KEY POINTS:
Conservation Minister Chris Carter says he has won an assurance from anti-whaling activists they will not ram a Japanese ship in the Southern Ocean.
Yesterday two ships from the Sea Shepherd environment group, the Robert Hunter and the Farley Mowat, collided with the Japanese whaling ship the Kaiko Maru.
Sea Shepherd leader Captain Paul Watson yesterday said the Farley Mowat was almost out of fuel and he was considering giving the Kaiko Maru's sister ship the Nisshan Maru a "steel enema" by ramming its slipway.
A spokesman for Mr Carter today told said the minister had spoken to the Farley Mowat's crew by phone today and won an assurance the ship would not ram the Japanese whaling ship.
The two sides have traded blame over who was responsible for the collision.
Whaling vessel the Kaiko Maru issued a distress call after colliding with the Robert Hunter.
Mr Watson said the confrontation happened when the Robert Hunter caught the Japanese ship bearing down on a pod of whales.

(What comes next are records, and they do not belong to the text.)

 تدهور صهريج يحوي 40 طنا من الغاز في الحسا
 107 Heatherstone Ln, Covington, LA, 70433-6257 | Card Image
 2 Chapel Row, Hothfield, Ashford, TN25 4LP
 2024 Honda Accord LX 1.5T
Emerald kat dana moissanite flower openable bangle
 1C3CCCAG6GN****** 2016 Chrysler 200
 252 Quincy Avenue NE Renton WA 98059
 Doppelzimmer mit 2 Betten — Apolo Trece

"The Kaiko Maru manoeuvred alongside our vessel and sideswiped it into the ice. That caused a gash in the starboard bow section of our ship," Mr Watson said.
"Both ships got stuck in the ice and then the Kaiko Maru backed out and into the port stern section of Robert Hunter, causing a metre-long gash. They struck us twice, both times penetrating the hull."

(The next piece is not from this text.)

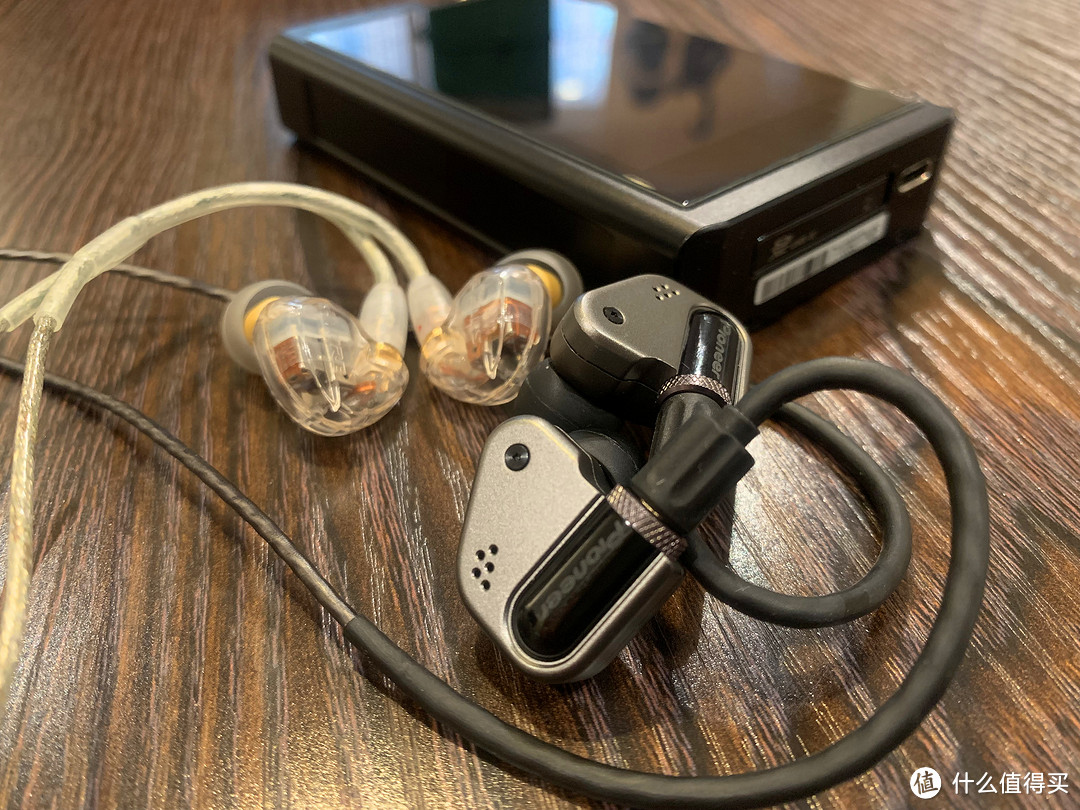 为“电音”而生的HIFI耳机：先锋 CRV-70 大妈首发评测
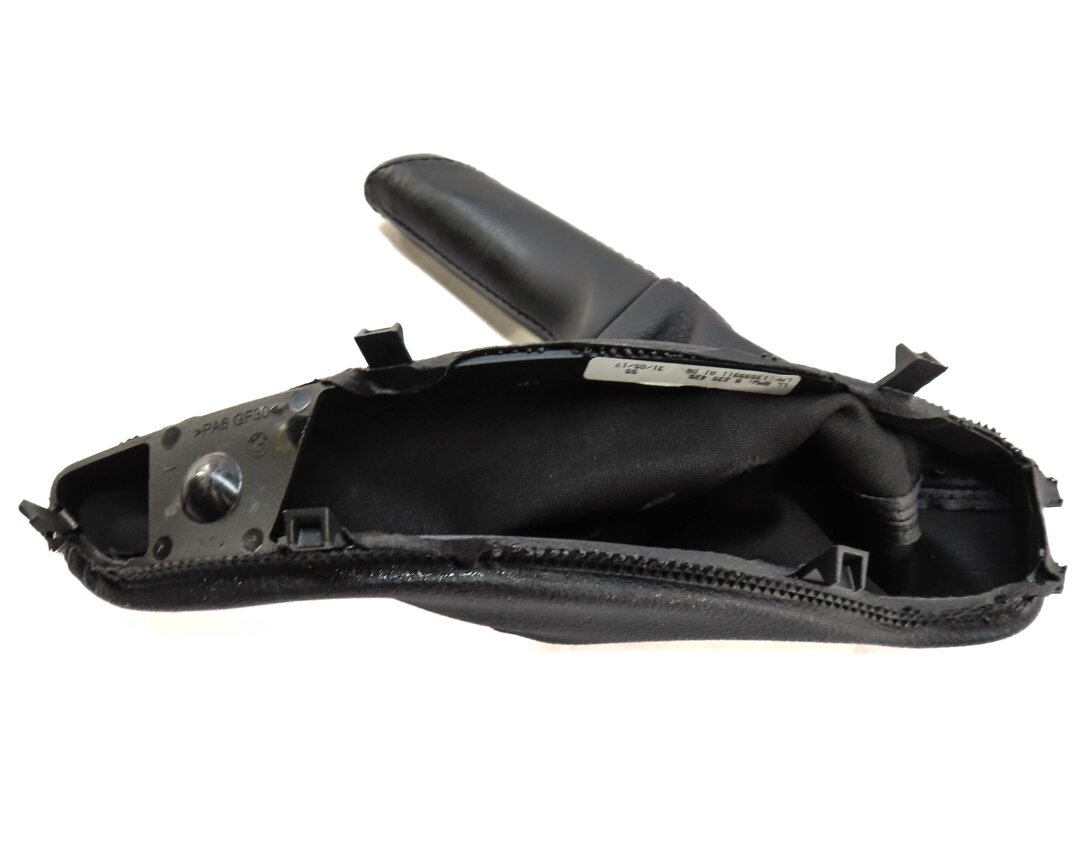 Thumbnail 4: 2018 BMW 330i (F30) EMERGENCY PARKING BRAKE HANDLE COVER (BLACK KCSW)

But a spokesman for the Japanese Institute of Cetacean Research (ICR), Glenn Inwood, said it was the Robert Hunter that had rammed the Kaiko Maru.

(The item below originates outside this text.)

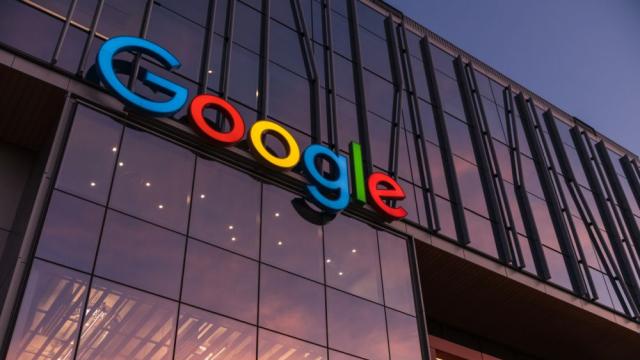Google ще замъглява сателитни изображения в Южна Корея след близо 20-годишен спор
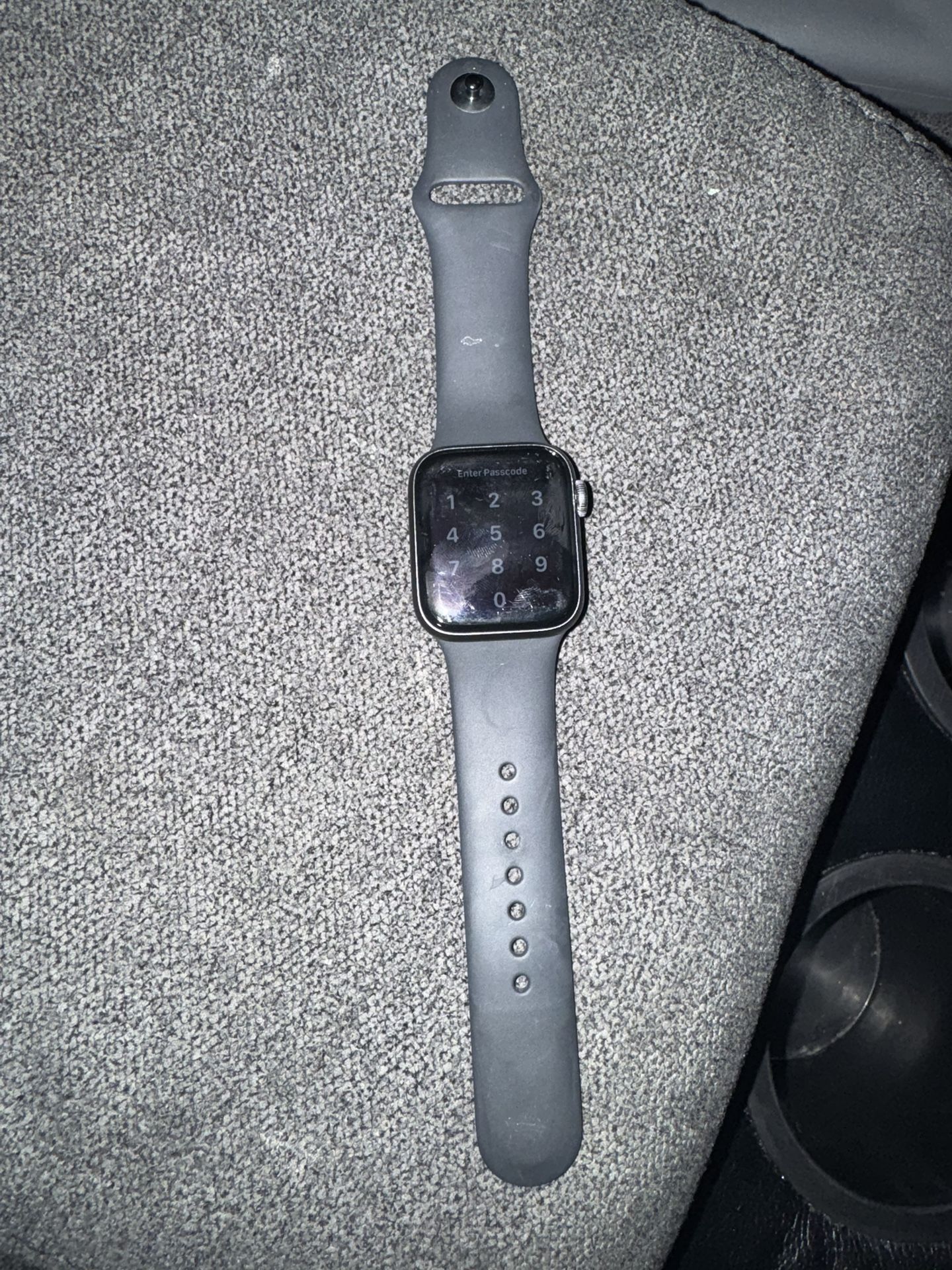Apple Watch Series 6 40mm (x2)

"Then both Sea Shepherd boats came up on either side, stopping it from continuing," he told Radio New Zealand today.
"It was done in same manner you would imagine pirates have conducted themselves for years.
"Sea Shepherd threw smoke pots onto the vessel, they released ropes and nets to entangle the screw and the propeller has been damaged."
As rescue services in New Zealand struggled to gather details of the incident, Greenpeace vessel Esperanza raced to help the whaling ship.
"We completely condemn any violent action by anyone. Potentially endangering lives in the middle of the Southern Ocean is unacceptable," said Karli Thomas, expedition leader on board the Esperanza.
The New Zealand-based Rescue Co-ordination Centre said last night that the ship was no longer in distress and was able to continue under its own power.
Sea Shepherd activists have been facing off against the whalers north of the Balleny Islands, west of the Ross Sea, trying to stop Japan's controversial annual whale hunt.
Dr Hiroshi Hatanaka, director-general of the Institute of Cetacean Research, last night said that Sea Shepherd was conducting a "campaign of outright destruction and terrorism" and he had serious concerns that someone would be injured or killed.
Earlier Mr Watson said: "Perhaps it's time to give these cruel whalers a steel enema they will never forget."
Mr Watson had warned that the Sea Shepherd flagship, the Farley Mowat, on which he is travelling, was almost out of fuel.
He had hoped to obtain some from the Robert Hunter.
But with that vessel now damaged, the future of the Sea Shepherd protest is uncertain.